According to Henderson, your traditional coffee shop is going to make money by getting as many people through their doors as possible. He says that through this, the people that are prioritized are wealthy patrons, or patrons that are “upper-middle class.” Coffee at his shop is pay-what-you-can with suggested prices, but “it’s free for neighbors who need it.”
“Most people have coffee as a morning routine, so your general coffee shop will have a business model where you’re really expecting to get a bulk of your revenue in that morning rush, from people who are driving to your space because of some type of brand you’ve been able to generate,” says Henderson.
“You think about these shops that open up in Black and brown neighborhoods.
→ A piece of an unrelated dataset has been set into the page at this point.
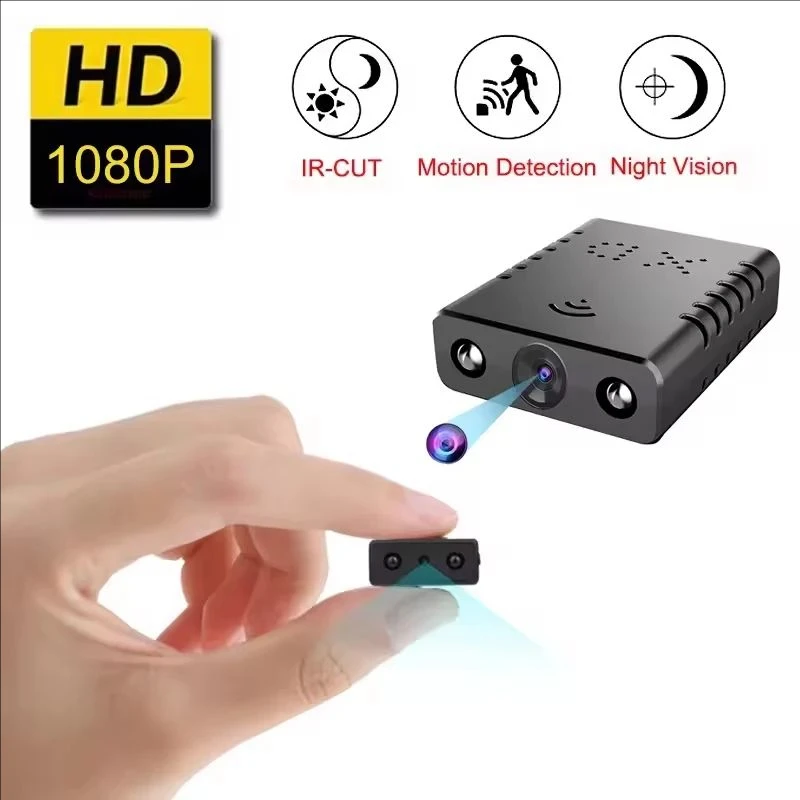 1080P HD Mini Wifi Camera XD Wire Camera Smart Home Security Indoor Anti-theft IP Camera Video Voice APP Real-time Cam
How are they able to get people from Germantown and Cordova to drive there early in the morning for their coffee?”
The answer, according to Henderson, is by creating some type of “chic” or “urban-chic mystique” that makes their coffee seem different from what they can get at the gas station or Starbucks. A lot of this is by using the aesthetic of poverty to market a shop as something that is “urban,” which in turn makes your coffee and shop “desirable to people who are looking for a cool ‘coffee experience.’”
“We know that Blackness is generally the arbiter of cool,” says Henderson. “So by being in proximity to Blackness, your shop obviously becomes cool.”
Henderson says that the issue with this is that there is no actual care for the Black people in these neighborhoods. He says that the aesthetic and sexiness that comes from the sense of “Oh, this is dangerous. I’m driving through an urban community. Oh, this is cool, this is artistic,” is being used to drive sales, but the people in these communities are not being considered as possible customers.
“There’s a myth that Black people don’t drink coffee,” says Henderson. “Through our e-commerce store, we’ve been able to build a multiple, six-figure business just from selling coffee to Black folks online. You know, the roasted coffee that my wife roasts. So obviously, this isn’t true.”
Henderson says that a lot of times, there’s a certain type of coffee, one that differs from Folgers, but is rather a more “craft coffee experience,” that many Black people have not been introduced to.
“We wanted to see what it would look like for us to make a coffee experience that would allow for people to taste these really exotic coffees from all over the world, coffees that come from our motherlands, but in a way that is conducive for Black culture to thrive, and not have assimilate,” he says.